• Work instruction: In the records below, take the line containing "Demografía, Biometría." and reproduce it and every subsequent line exactly, adding nothing.

• Extracted entries:
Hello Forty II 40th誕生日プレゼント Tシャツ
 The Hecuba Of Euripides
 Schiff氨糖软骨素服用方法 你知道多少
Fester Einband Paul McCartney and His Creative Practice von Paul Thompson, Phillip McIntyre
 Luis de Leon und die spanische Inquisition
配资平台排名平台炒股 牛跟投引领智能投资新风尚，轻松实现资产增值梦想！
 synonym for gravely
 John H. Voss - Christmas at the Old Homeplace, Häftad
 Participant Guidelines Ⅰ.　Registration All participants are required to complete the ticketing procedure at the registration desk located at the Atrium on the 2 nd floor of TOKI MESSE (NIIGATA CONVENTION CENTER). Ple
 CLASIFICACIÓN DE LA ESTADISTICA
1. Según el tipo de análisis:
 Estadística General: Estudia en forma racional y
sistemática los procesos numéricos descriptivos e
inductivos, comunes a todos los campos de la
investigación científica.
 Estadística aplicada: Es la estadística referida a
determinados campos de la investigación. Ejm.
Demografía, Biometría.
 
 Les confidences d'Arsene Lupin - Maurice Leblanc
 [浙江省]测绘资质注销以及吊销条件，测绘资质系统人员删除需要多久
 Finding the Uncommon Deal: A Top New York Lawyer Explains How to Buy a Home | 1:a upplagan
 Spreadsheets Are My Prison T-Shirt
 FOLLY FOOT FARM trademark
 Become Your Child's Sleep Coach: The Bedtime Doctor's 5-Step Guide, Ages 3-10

• Finished exercise:
Demografía, Biometría.
 
 Les confidences d'Arsene Lupin - Maurice Leblanc
 [浙江省]测绘资质注销以及吊销条件，测绘资质系统人员删除需要多久
 Finding the Uncommon Deal: A Top New York Lawyer Explains How to Buy a Home | 1:a upplagan
 Spreadsheets Are My Prison T-Shirt
 FOLLY FOOT FARM trademark
 Become Your Child's Sleep Coach: The Bedtime Doctor's 5-Step Guide, Ages 3-10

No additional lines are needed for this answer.